在写作和写文学评论的时候,我们会同时遇到两个的问题:从何起笔?为何起笔?这两个问题息息相关。今天我想谈一谈理解、解读、教授和价值。

这几点和含义这个概念相关。所以总的来说我想谈谈五点,其中理解我会分两次讲,都和“含义”相关。

1.理解(直觉)

从何起笔?为何起笔?从理解处起笔,但这种理解不能无凭无据,必须有出处证明你的理解确有其义。

在古希腊哲学家柏拉图的对话录《伊安篇》中,苏格拉底解释了为什么艺术家通常自己都不知道自己是如何,以及为何获得真理的,连荷马,就连最伟大的艺术家们都不例外。《伊安篇》以伊安为例,他既是一位专业吟诵荷马史诗的诵诗人,也是荷马史诗的评论家。但似乎评论家伊安和诵诗人伊安一样,并不完全了解真理,更没有意识去获得建构真理的基础知识。

美国当代哲学家尼古拉斯·帕帕斯提出,要解释这个问题,只有两种可能。第一种就是,艺术家是骗子,那评论家就是傻瓜,比如当一位作家善用修辞的时候,艺术家技巧高超,哪怕自己并不了解真相,也能说服别人相信事物的真实性。如此,他们便可以让人相信不实的真实。

第二种可能的答案,是真正的艺术家获得了“灵感”。也就是说,艺术家受到了神明的启发,所以才能在自己不了解真理的情况下传递真理,,接着又通过作品将这种“灵感”传递给读者和评论家。

尽管“灵感”这一理念已经过时,沦为艺术创作理想化的注脚,但是西方哲学中“直觉”的概念却一脉相承了“灵感”的概念,即受神明灵感启迪的“理解”。不论是“灵感”还是“直觉”,都包含一种自发的“理解”,“理解”我们所了解的、感知的真相。

柏拉图之后,他的学生古希腊哲学家亚里士多德是真正讨论“直觉”的第一人。亚里士多德的“直觉”和“灵感”一样,都需要对事物的即时理解,对基础真理的瞬时掌握。可能有人会问了,为什么需要这些?为什么我们需要基础性概念?人是如何开始带着确定性思考的这一问题困扰了亚里士多德和后世的很多哲学家。亚里士多德认为,人们从预设正确的“前提”开始构建自己的思考,通过逻辑的手段达到真理。这像是数学、几何学的常见方法。但是,人究竟是怎样开始这样的思考的?
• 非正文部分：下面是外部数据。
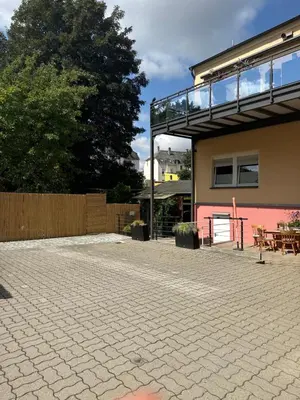 Das Gebäude in dem sich die Ferienwohnung befindet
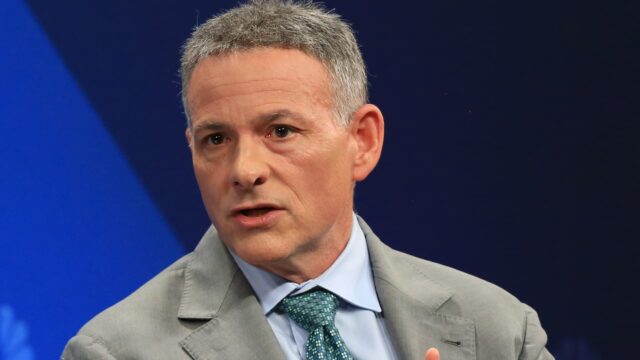 David Einhorn dice que la Reserva Federal recortará “significativamente más” que el doble. Entonces apuesta fuerte por el oro.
亚里士多德给出了答案,从“即时理解”、某种对真理的感知开始。正是在即时理解之后我们才得以由此推论、判断,从而发现更深刻的真理。

许多个世纪以后,法国近代哲学家笛卡尔继承了亚里士多德的思想,也认为知识的基础始于“直觉”,并用“我思”的概念例证了“直觉”的作用。他的名言:“我思故我在”就强调我们最先感知物之绝对性。这个首要前提,即笛卡尔所认为的“直觉”,就是建构准确世界的基石。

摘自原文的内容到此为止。